It’s tempting to imagine court life in France as what it was like at Versailles. Louis XIV created Versailles as a new model of court life, one that was very different from that of a courtier during Renaissance France.
Court life was always expensive, no matter what the century. Nobles had vast estates to run, armies to raise, and gambling debts always loomed. Investing money at court was a gamble that only sometimes paid off. By the fifteenth century, France started accumulating more territory, including the Duchy of Brittany, which meant that the court would often take long trips to visit the breadth of the growing kingdom. Usually, local nobles in a region would join the court when it was nearby, and when it became too expensive to travel, they returned home to be replaced by nobles in other regions.
Traveling across France across the seasons
Travel wasn’t easy for the nobles. In the colder months, rivers could often freeze and burst their banks, usually washing away bridges. Once you arrived at where the King was staying, there was little guarantee that you would find a place to stay. Francis I was notorious for staying in remote places in order to hunt, the closest lodgings were either an abbey or an inn. The Prevote d’Hotel, staffed in part by fourriers, gave out tickets for the nobles as they were assigned to them by the marcheal des logis.
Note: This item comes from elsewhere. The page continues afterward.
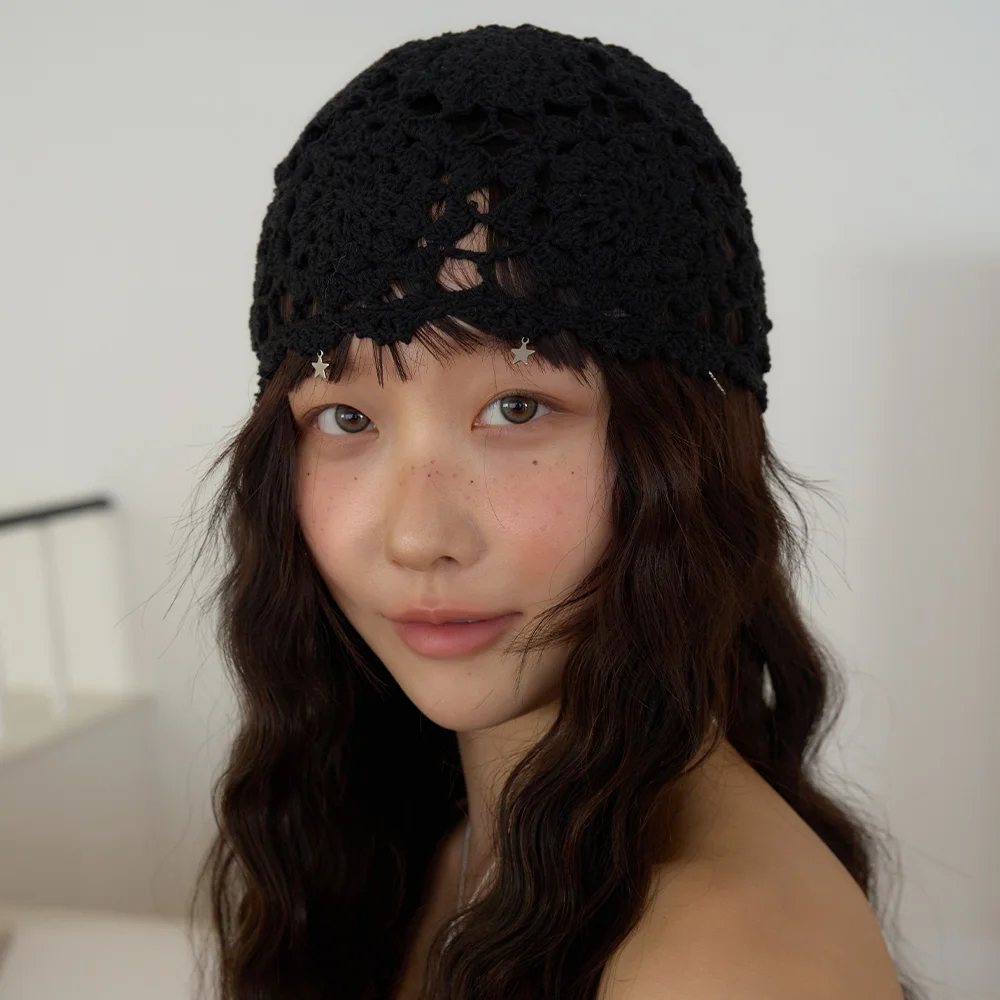 鉤織 閃爍 冷帽 (Black)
In theory, this would work well, but the reality was that far too many of the nobles were out for a place to rest their heads for the night. In December 1539, the court arrived at Loches, with most of the non-influential nobles and foreign nobles left to fend for themselves. Seizing an opportunity, the locals had no qualms about exploiting their situation.
Getting to and staying at court wasn’t easy for even the wealthiest of courtiers. In fact, they were better off just staying at home and tending their own estates. During the Renaissance, they could afford to without incurring the King’s anger, but Louis XIV would soon change all of that.